Looks like there are now a few more choices out the as opposed to the MPU6050/HMC5883 or LG3D20/LSM303 combos.
The MPU9250 has a 14 bit AK8963 embedded, which could update at 100Hz automatically. But there is no DRDY pin on the MPU9250 for the AK8963, which means you have to build up a manual measurement sequence using the I2C state machine on the MPU9250. Measurement time is 9ms (7.2ms typical), so this could be synched to the accel/gyro output of the MPU6500 (which is the on-die accel/gyro of the MPU9250). At a 20Hz bandwidth filter for accel/gyro, the delay for gyro is 9.9ms and for accel it's 19.8ms. This means the measurement for accel is about 10ms delayed relative to gyro. That was not the case with MPU6050, where the delta was about 1ms ... The realign could be done in software by queuing up 10 gyro samples ...
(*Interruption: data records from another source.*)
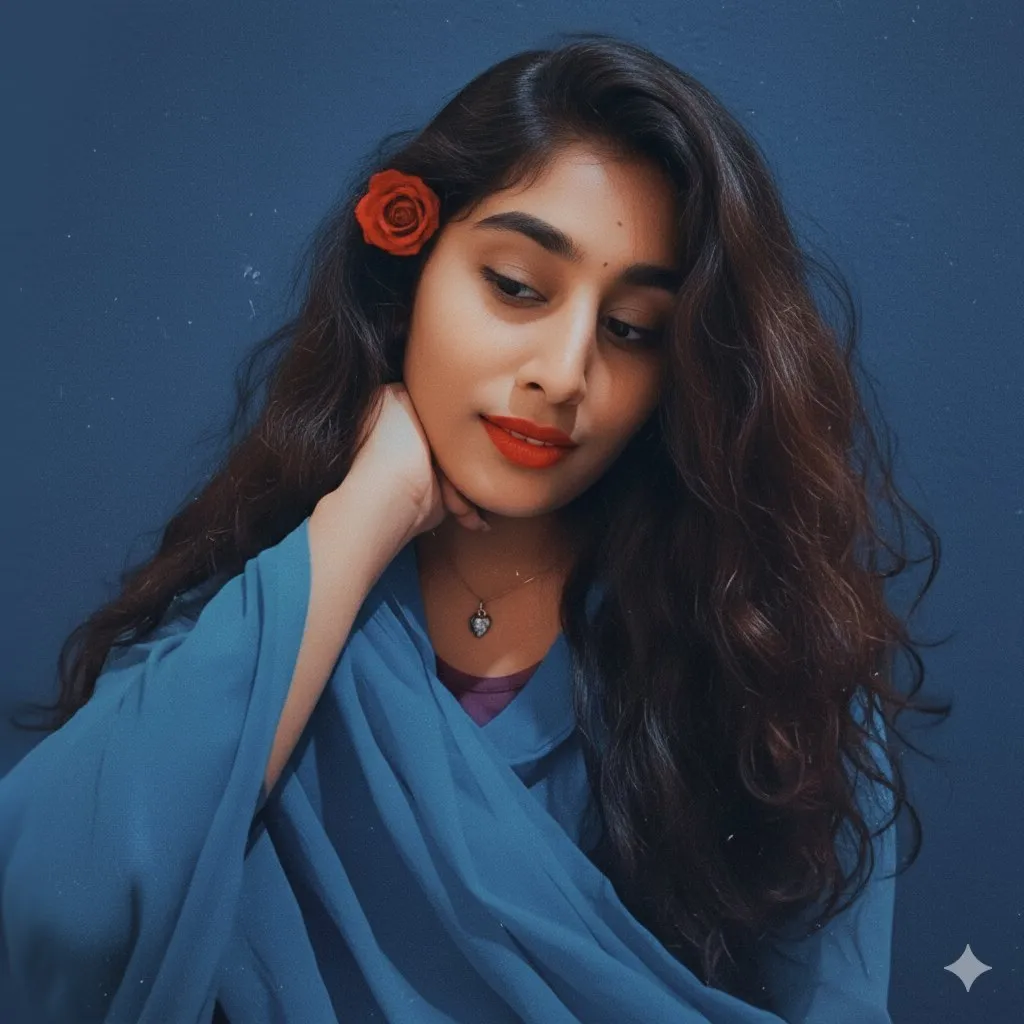 Geethagowda Geethagowda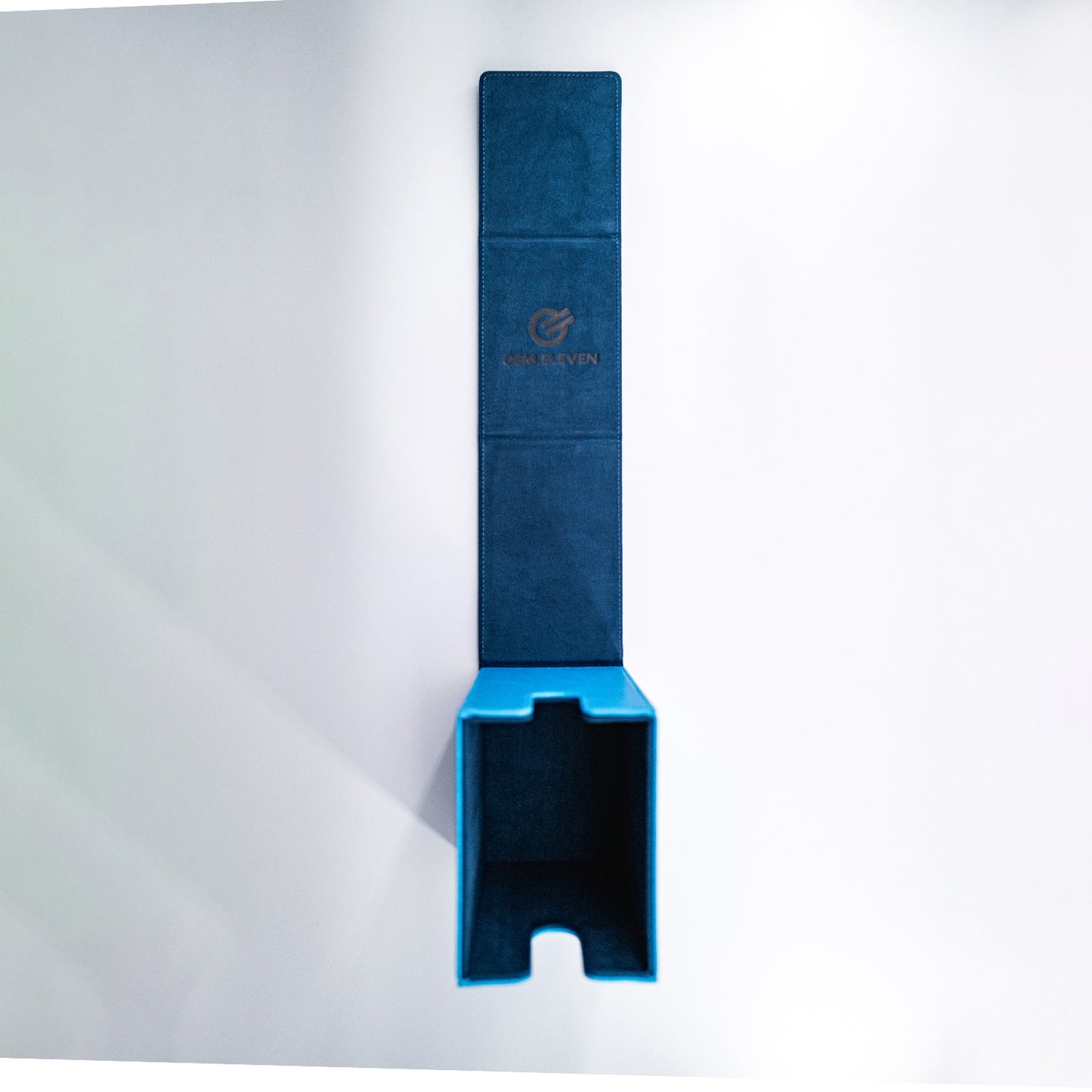 Heritage Ocean – Premium Box für bis zu 20 gegradete Karten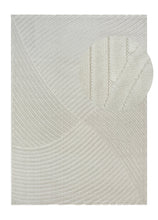 Orlando Modern Grå - Indoor/Outdoor - KM Home | Mattfabriken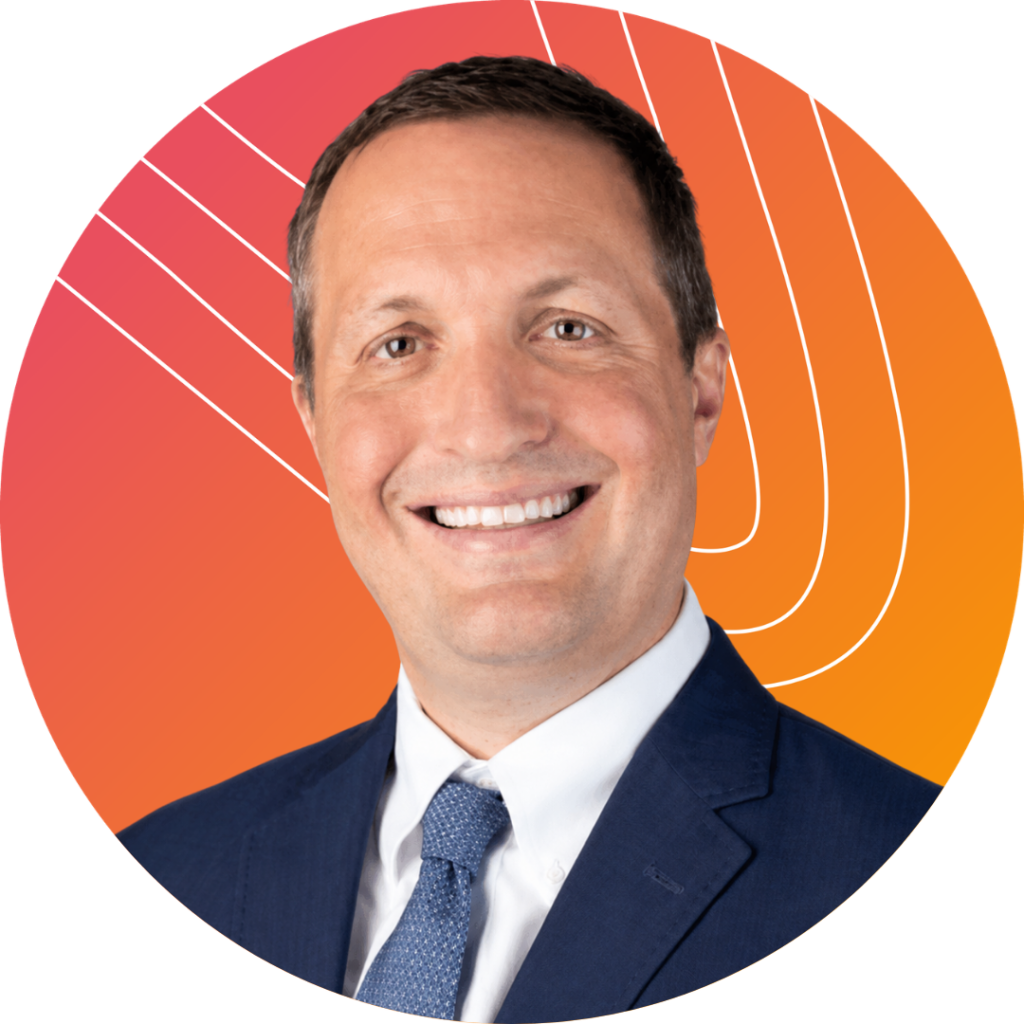 Grossman_Adam_Thrive_Headshot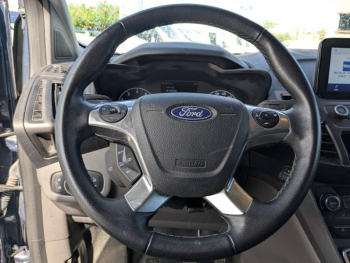 Photo 12 du bon plan FORD Transit Connect VUL L1 1.0E 100ch E85 Active occasion à 19401 €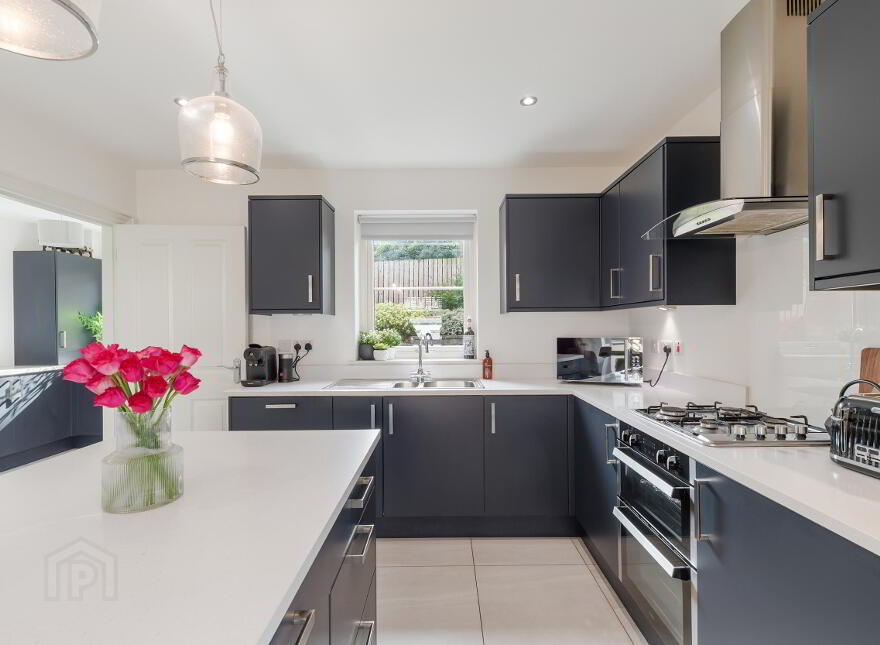 33 Lynn Hall Place, Bangor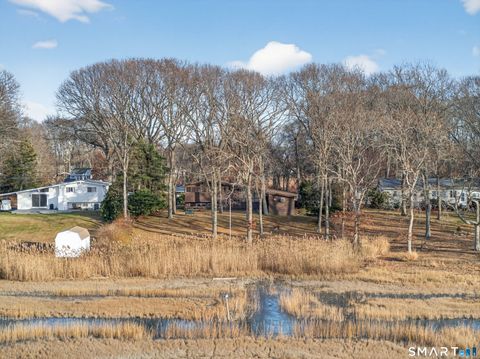 Tiny photo for 33 Briarwood Drive, Old Saybrook, CT 06475 (MLS # 24163699)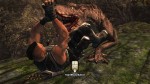 Turok 3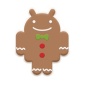Official Android 2.3 Gingerbread Tips and Tricks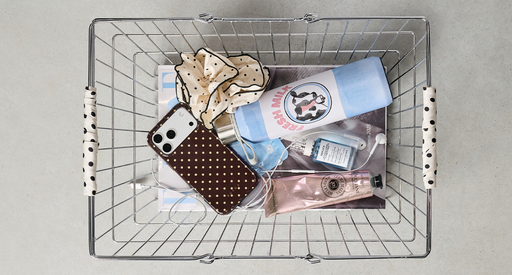 Cutest Phone Cases You Can Buy Right Now: 10 Designs To Love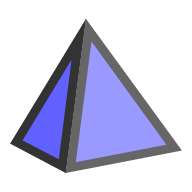 GeoGebra3D绘图计算器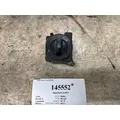 FREIGHTLINER A06-58685-000 Headlight switch thumbnail 1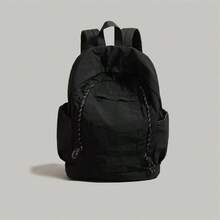 Backpacks - B - ดู 1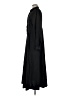 Shein Black Casual Dress Size 8 - 10 - photo 5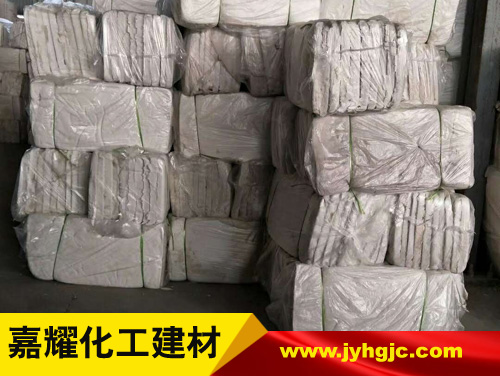 �ͺϹ����}���V����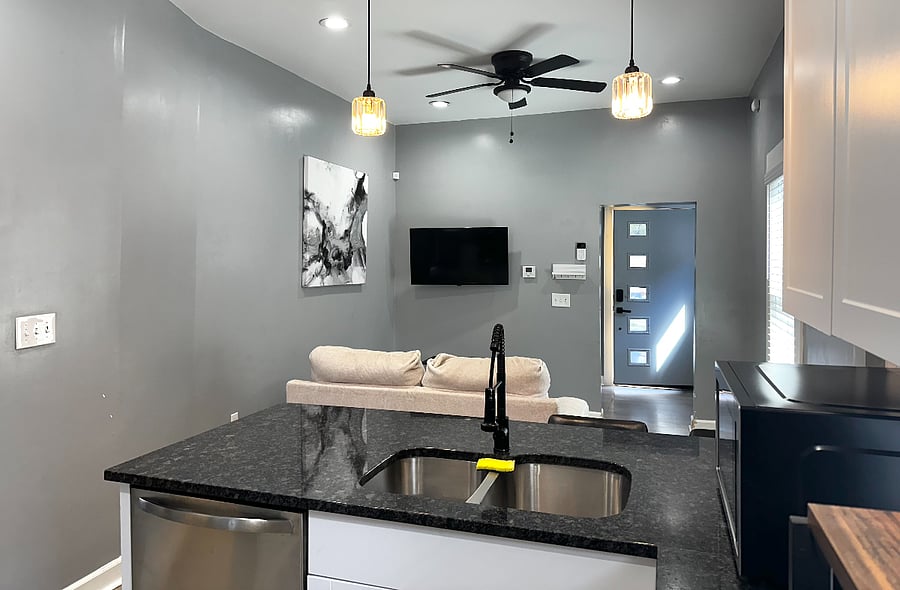 Furnished Finder property 751048_1 photo 3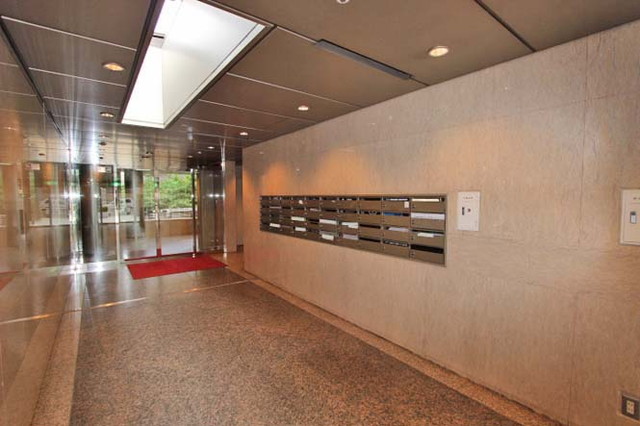 13/17 その他画像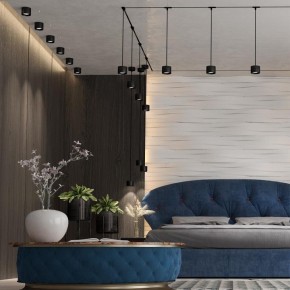 Накладной светильник Novotech Patera 358652 в Ноябрьске - noyabrsk.ok-mebel.com | фото 3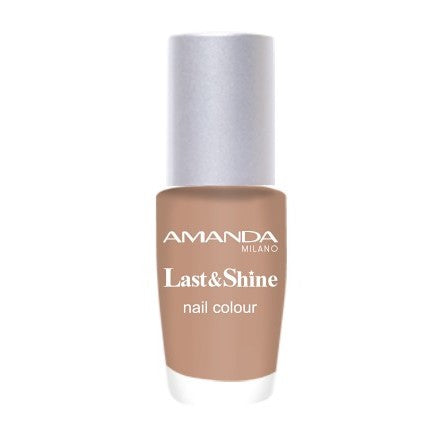 REF_P_1_Amanda Last & Shine Nail Colour No.489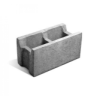CORCEBLOCK P20 RC -20:20:40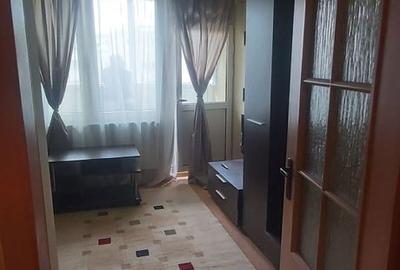 Apartament cu 2 camere în Albești - 5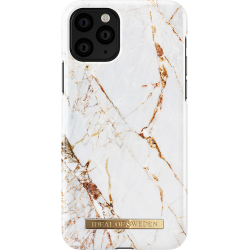 iPhone 11 Fashion Case Carrara Gold Ideal Of Sweden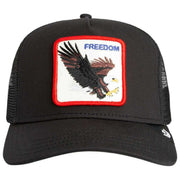 goorin-bros-freedom-eagle-trucker-hat---void-black-35922098
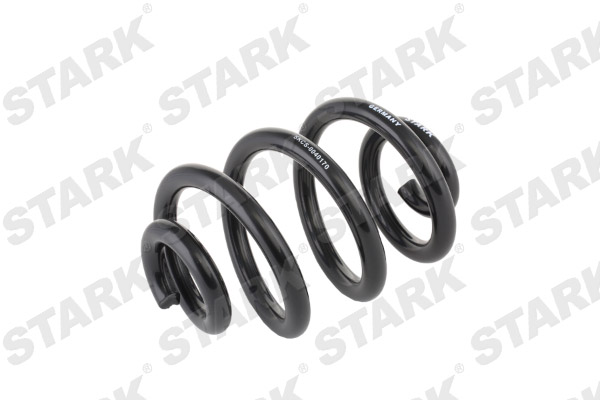 SKCS-0040170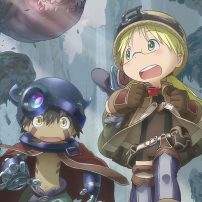 Dive into the Made in Abyss Anime Film When it Opens on March 15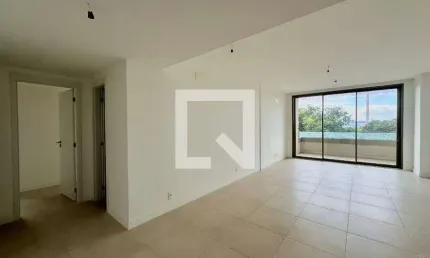 Apartamento para Venda - Flamengo, 3 Quartos,  148 m² - Rio de Janeiro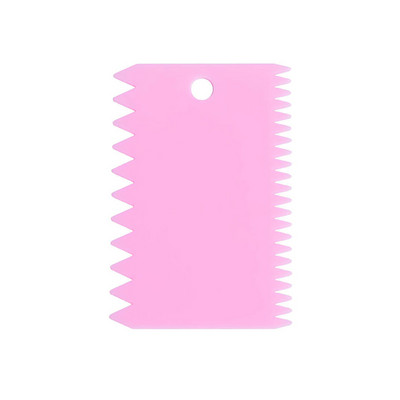 Tortų gremžtukas Plastikiniai kepimo įrankiai Plastikiniai kreminiai gremžtukai Kremai Tortų tešlos pjaustyklė Kepimo Virtuvės priedai Virtuvės prietaisai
The read of the AK8963 has some I2C bus consequences, as there is only 1 I2C write possible at a lower sample rate. That means you can trigger a measurement, but still read it back at sample rate. So if one wanted to have 1kHz accel/gyro readings, one has to read 20 bytes each per packet. That is 24 10bit bus transactions (device address and register index included), so 240 I2C clocks. That means the bus utilization of the 400kHz I2C close to 60%, so still doable.
The LSM9DS0 is still kind of a puzzle to me. Looking at the datasheet I fail to see what the gyro precision is, and what the effective magnetometer precision is. Some information on the net suggests the magnetometer is from Honeywell, so it's probably 12 bit. The real odd thing is the sample frequencies for accel/gyro. They are 800Hz vs. 760Hz. So if you use the gyro as the master input for your EKF, then the accel might be out of sync by 1.3ms. That is a magnitude worse than the 0.1 ms that the MPU9250 has.
My EKF had the assumption that samples for accel/gyro are arriving virtually at the same time. With the MPU9250, I kind of can do that, but with the LSM9DS0 this seems to be impossible. If one let's the EKF run at say 250Hz only, then uncertainty of 1.3ms does not seem to be that much compare to the filter rate of 4ms ...
Anyway, I am looking at this really from the interfacing and timing side. The real precision and quality of the samples is something I could not derive from the data sheets. I was wondering whether any of you had some thoughts on that.